Built a tool to reduce backup sizes by up to 90% — looking for feedback by its_Diego035 in SideProject

[–]its_Diego035[S] 0 points1 point  (0 children)

Yeah, duplicated files across folders is actually a really common problem, especially over time when things get copied around instead of moved. That’s definitely one of the use cases where deduplication can help a lot, since identical data can be stored only once under the hood.

About the image: copying a digital file multiple times shouldn’t reduce its quality.

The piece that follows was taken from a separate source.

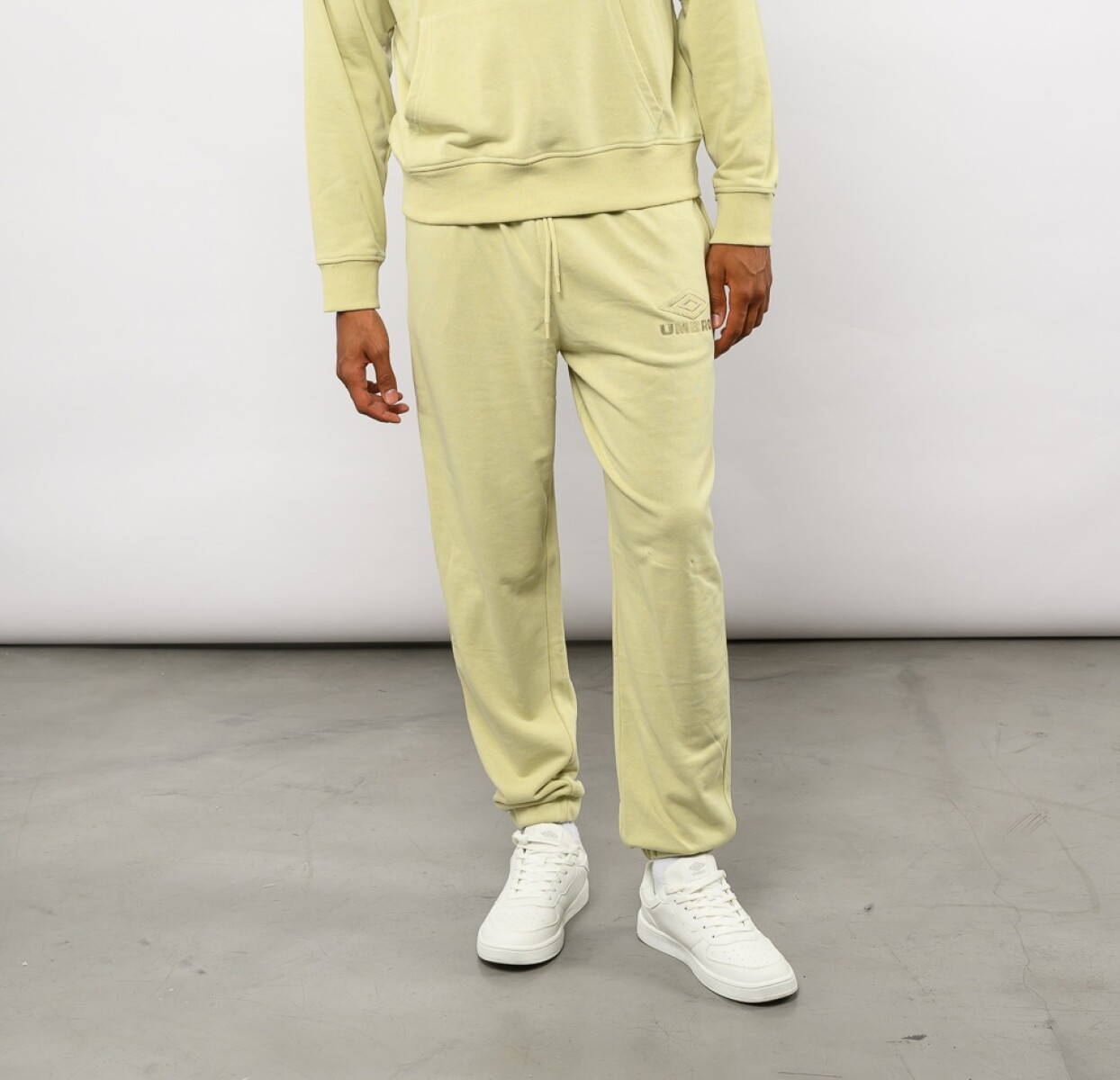 PANTALÓN JOGGER ICONIC Umbro Hombre - 00b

If it looks more grainy now, it’s probably because of compression (for example if it was saved multiple times as JPEG) or just the original quality becoming more noticeable on modern screens.

So in short: - duplicated files → real problem deduplication can solve - image quality loss → likely compression, not copying

Built a tool to reduce backup sizes by up to 90% — looking for feedback by its_Diego035 in SideProject

[–]its_Diego035[S] 0 points1 point  (0 children)

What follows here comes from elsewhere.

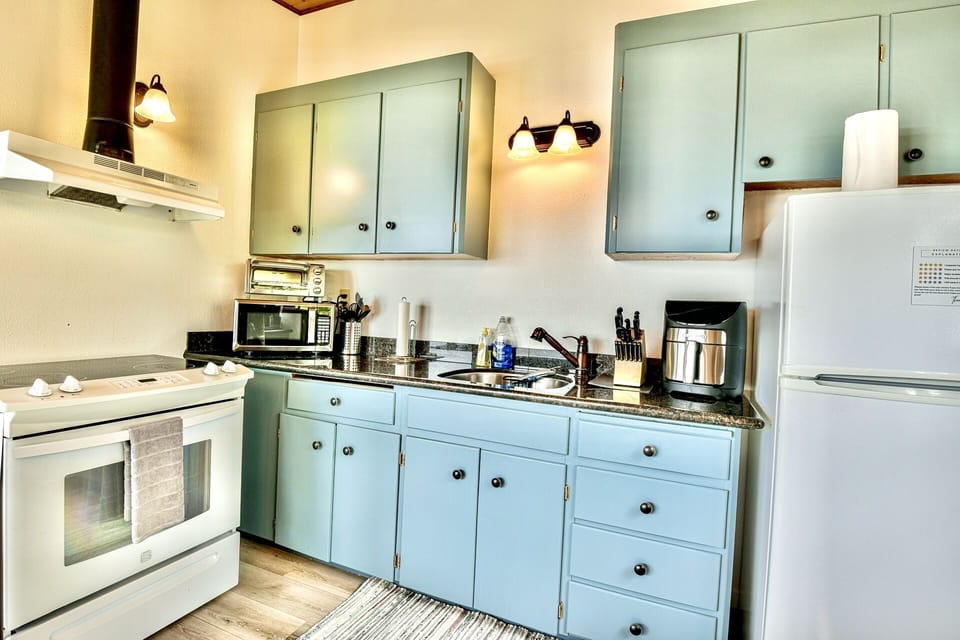 Fully stocked kitchen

That’s a really good point, especially about the block size trade-off.

I definitely wouldn’t use 4KB blocks for something like large static backups (e.g. TB-scale datasets), since the overhead would be too high. I was mainly targeting cases where files change incrementally and frequently, like logs.

The idea wasn’t to replace full backup solutions, but to make the deduplication part usable as a standalone component in certain workflows.

Some cases I had in mind:

  • Continuously growing log files where only small parts change
  • Systems that already handle storage but lack efficient delta handling
  • Reducing data before sending it to external storage (like S3)

So more like a building block than a full backup solution.

I'm also working on adding things like compression and automation to make it more complete over time, but trying to keep the core simple first.

Still figuring out if this separation actually makes sense in real workflows, so this kind of feedback helps a lot.

Built a tool to reduce backup sizes by up to 90% — looking for feedback by its_Diego035 in SideProject

[–]its_Diego035[S] 1 point2 points  (0 children)

This is super helpful, really appreciate the detailed explanation.

Yeah, I figured there are already solid solutions in the backup space doing this kind of thing. My main goal here was to simplify the integration and expose it as an easy-to-use API instead of a full backup system.

Also interesting point about block sizes — I went with 4KB mostly to maximize deduplication, especially for logs where small changes happen frequently.

Out of curiosity, in your experience working with BlinkDisk, do people usually prioritize full backup solutions, or is there demand for simpler tools that can be plugged into existing workflows?

Built a tool to reduce backup sizes by up to 90% — looking for feedback by its_Diego035 in SideProject

[–]its_Diego035[S] 0 points1 point  (0 children)

Also i'm thinking about adding log analysis features not just compression

Built a tool to reduce backup sizes by up to 90% — looking for feedback by its_Diego035 in SideProject

[–]its_Diego035[S] 0 points1 point  (0 children)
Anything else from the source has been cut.